Prompt:
In the listing below, find the line with "Dark Romance with" and the line with "Desginer Kurti Style Lehenga", then return them and every line between them exactly, minus the pictures.

Working data:
>>>

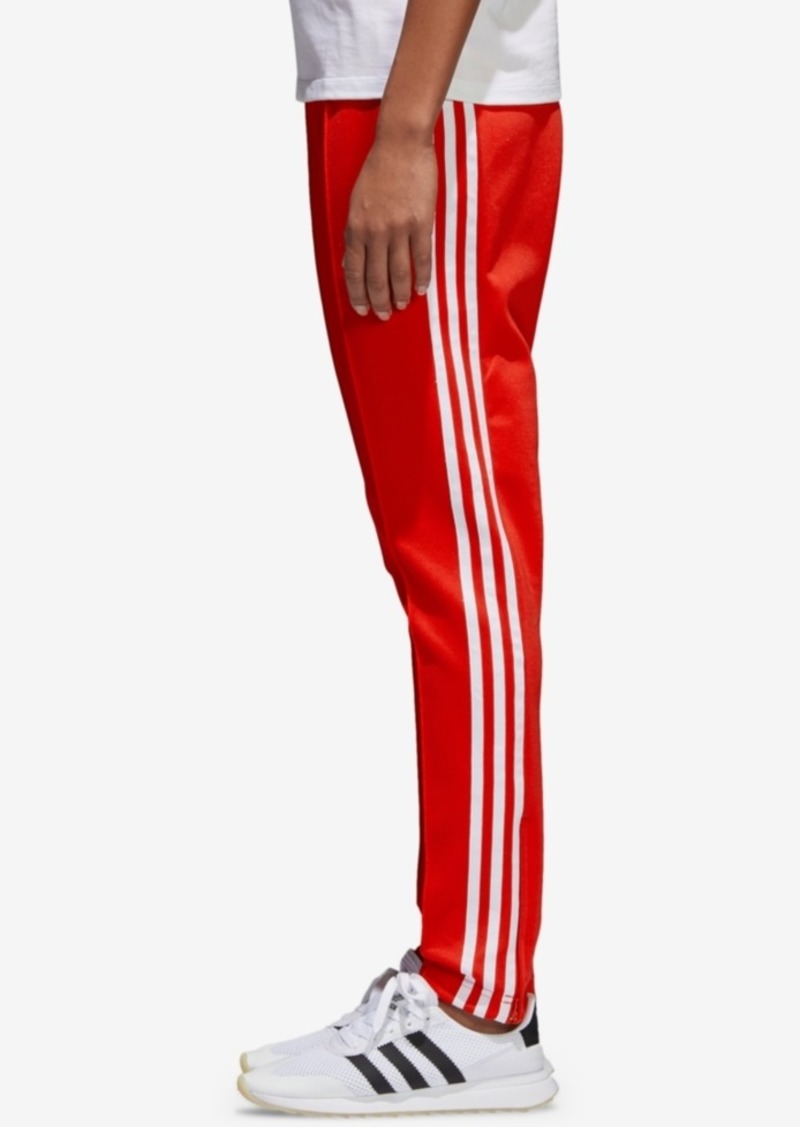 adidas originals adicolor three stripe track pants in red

<<<
>>>

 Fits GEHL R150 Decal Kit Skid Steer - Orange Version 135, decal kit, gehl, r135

<<<
>>>

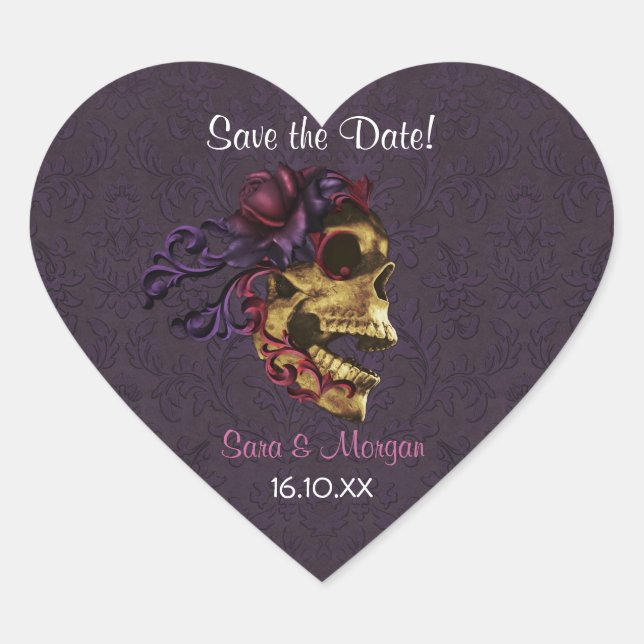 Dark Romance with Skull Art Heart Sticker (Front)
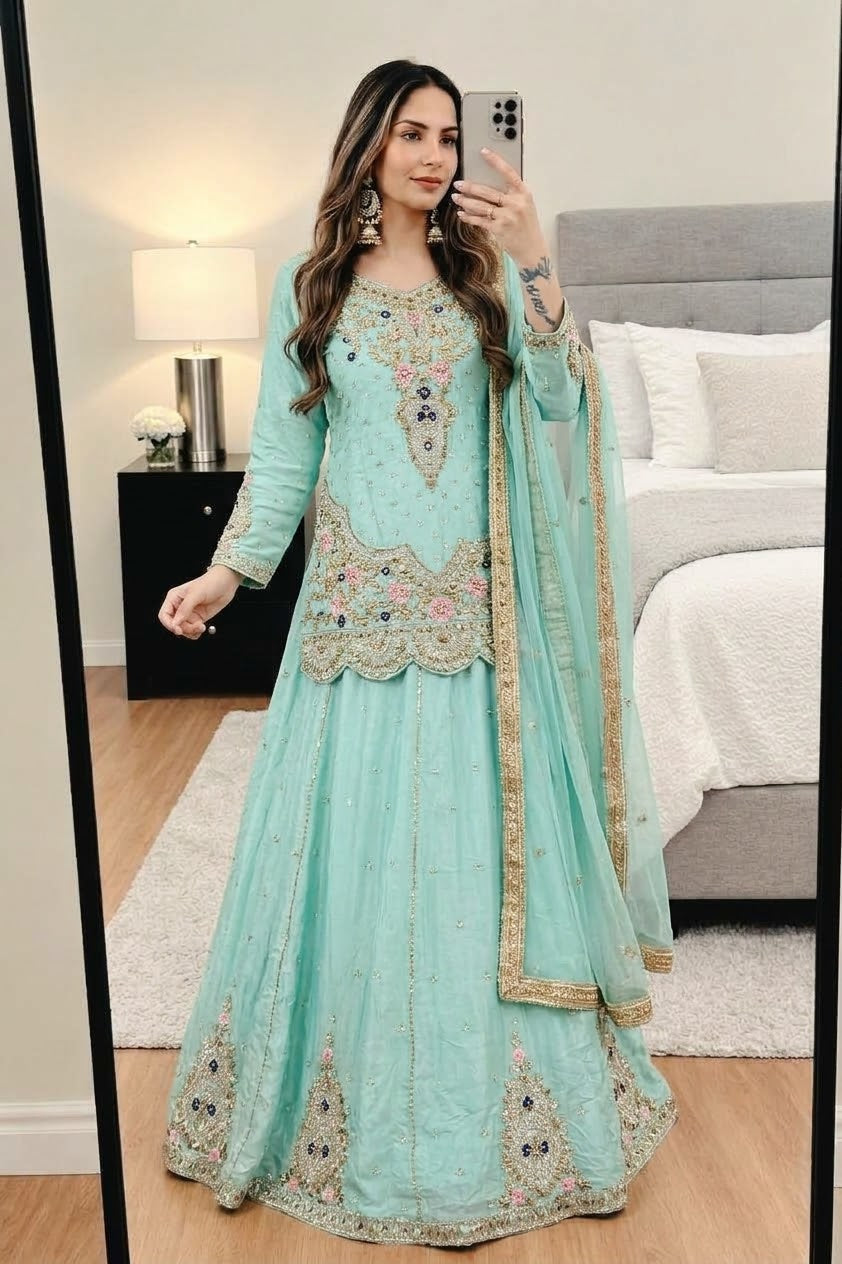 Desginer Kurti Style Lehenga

<<<

Result below:
 Dark Romance with Skull Art Heart Sticker (Front)
 Desginer Kurti Style Lehenga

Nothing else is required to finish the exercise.